El tiempo es como el fuego. Un fuego que se alimenta del presente y de
este modo lo convierte en cenizas del pasado. Un fuego cada vez más
grande y que lo engulle todo, cada minuto con más intensidad que el
anterior, colocándonos en la perspectiva de que cada año pasa más
rápido. Algo perceptible cuando la arena del cubículo inferior del reloj
comienza a ser mayoría. Es entonces cuando el fuego se desata y se
vuelve descontrolado. Pero no todo es incinerado, pues nos queda la memoria.
Días soleados de invierno con la manga llena de mocos, feriados
viajando en el coche, el olor de la estufa a kerosene. La añoranza no da
tregua y nos trae al pasado arregladito y perfumado. Una pequeña trampa
reside en todo esto. Porque lo que uno extraña no son los
acontecimientos puntuales, sino el tiempo en que esos acontecimientos
ocurrieron. La complejidad de ser niño, de estar atento a todo, de no
parar de soñar, del cuerpo que no duele: de la juventud en sí.
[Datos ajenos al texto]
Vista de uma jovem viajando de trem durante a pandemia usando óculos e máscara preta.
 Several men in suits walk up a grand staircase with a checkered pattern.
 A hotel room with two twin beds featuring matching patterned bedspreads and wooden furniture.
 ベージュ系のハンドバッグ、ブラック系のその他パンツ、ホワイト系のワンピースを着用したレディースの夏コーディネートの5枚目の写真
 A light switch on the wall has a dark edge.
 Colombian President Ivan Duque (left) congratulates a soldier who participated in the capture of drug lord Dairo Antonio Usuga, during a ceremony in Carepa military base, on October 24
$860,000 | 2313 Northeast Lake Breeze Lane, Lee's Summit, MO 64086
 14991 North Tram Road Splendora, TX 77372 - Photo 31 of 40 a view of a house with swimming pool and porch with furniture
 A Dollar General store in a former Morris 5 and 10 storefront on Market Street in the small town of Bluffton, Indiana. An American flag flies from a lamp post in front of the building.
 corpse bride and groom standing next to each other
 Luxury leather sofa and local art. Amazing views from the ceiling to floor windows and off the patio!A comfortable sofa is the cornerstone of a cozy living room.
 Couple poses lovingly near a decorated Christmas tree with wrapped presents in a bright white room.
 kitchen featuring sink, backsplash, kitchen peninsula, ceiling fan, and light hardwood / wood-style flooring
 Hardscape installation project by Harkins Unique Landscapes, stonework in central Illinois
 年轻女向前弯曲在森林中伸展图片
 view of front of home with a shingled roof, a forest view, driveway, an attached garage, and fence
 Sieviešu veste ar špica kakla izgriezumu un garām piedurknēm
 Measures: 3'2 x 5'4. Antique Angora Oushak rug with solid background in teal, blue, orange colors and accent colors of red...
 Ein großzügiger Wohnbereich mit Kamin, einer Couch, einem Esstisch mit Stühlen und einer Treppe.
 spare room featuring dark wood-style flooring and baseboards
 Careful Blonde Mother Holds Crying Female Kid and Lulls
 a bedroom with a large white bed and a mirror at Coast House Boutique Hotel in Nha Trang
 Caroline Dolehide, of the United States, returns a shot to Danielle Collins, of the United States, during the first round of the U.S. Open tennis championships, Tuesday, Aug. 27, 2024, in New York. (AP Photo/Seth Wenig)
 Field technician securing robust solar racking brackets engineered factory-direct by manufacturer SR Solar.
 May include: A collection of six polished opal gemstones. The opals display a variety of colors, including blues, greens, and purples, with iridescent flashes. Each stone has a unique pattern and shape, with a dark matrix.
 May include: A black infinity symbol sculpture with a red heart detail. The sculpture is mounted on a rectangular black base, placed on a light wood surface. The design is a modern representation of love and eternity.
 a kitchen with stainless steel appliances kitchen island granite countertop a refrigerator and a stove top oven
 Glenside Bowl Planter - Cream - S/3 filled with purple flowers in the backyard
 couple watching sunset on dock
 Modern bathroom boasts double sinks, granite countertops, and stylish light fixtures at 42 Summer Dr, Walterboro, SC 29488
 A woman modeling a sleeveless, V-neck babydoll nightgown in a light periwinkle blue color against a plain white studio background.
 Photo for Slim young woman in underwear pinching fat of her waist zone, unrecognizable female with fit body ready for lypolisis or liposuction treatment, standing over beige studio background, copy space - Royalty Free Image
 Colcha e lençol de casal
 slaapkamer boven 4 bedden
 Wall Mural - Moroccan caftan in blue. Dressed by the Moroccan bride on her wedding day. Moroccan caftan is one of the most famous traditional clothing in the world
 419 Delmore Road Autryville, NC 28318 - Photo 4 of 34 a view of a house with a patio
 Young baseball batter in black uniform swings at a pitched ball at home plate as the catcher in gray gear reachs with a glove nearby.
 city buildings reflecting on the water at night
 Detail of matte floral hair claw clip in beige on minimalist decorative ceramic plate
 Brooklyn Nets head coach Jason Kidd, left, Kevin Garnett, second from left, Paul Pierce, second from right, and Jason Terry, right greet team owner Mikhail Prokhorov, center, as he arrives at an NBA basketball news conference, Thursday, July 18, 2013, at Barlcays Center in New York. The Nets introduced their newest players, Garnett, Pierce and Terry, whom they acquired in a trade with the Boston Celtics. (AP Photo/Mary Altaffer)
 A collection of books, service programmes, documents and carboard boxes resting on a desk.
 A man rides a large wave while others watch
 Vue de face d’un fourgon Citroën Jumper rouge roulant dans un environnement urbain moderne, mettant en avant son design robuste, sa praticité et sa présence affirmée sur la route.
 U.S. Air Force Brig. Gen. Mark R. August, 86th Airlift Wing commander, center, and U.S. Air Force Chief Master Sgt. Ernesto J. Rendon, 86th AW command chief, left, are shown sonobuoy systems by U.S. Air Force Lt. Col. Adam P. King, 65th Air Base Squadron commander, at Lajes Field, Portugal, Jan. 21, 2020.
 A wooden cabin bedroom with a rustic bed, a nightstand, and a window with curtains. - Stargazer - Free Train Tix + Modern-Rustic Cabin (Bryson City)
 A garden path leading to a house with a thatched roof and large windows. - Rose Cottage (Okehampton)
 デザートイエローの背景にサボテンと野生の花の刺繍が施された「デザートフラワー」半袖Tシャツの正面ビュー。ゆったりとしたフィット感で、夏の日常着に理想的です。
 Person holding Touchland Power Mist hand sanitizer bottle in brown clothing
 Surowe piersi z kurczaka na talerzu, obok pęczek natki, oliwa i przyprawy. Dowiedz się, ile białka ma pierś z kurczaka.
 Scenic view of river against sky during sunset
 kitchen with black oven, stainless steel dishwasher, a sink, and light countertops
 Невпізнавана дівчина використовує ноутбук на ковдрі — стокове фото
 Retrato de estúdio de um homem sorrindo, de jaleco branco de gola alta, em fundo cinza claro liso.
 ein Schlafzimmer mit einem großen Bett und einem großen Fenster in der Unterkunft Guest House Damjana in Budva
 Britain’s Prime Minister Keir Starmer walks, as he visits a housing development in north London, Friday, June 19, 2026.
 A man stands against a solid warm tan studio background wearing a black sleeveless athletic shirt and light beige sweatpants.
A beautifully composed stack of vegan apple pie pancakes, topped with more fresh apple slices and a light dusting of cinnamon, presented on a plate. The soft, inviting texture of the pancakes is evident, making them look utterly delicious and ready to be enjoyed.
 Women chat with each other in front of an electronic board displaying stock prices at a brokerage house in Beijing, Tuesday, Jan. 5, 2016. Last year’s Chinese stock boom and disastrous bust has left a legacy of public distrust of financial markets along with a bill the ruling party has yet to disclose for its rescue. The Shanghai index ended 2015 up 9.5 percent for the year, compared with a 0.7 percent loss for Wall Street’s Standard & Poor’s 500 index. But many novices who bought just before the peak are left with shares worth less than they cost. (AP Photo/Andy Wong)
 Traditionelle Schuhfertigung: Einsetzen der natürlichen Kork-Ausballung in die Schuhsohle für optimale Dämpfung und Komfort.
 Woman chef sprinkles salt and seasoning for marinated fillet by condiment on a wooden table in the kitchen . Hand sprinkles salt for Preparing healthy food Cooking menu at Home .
El deseo
imperioso de volver a ser joven se disfraza de nostalgia y nos sumerge
en la abstinencia de momentos pasados. En cuanto al futuro puedo decir
que ya no me interesa. Solo puedo llegar a él con preconceptos. Me he
pasado la vida ejerciendo el preconcepto, y al final, ya tarde, uno se
da cuenta que eso no sirve para nada. Por el presente, creo que he
aprendido a valorarlo un poco más. A partir de darme cuenta que en unos
años acusaré melancolía por volver a los días que hoy vivo, he logrado
disfrutar el momento que atravieso con mayor plenitud. Sacarle más
provecho, hacer más cosas que me gustan, que impliquen movimiento,
creatividad, pasión.
Es entonces desde un presente completo, vivo y también angustiante, que mañana tengamos un anclaje más amigable en el pasado.
Un pasado conciliable con el presente, con nosotros, con los demás.
Más fácil de ser visitado.
Un pretérito que sea digno de recordar.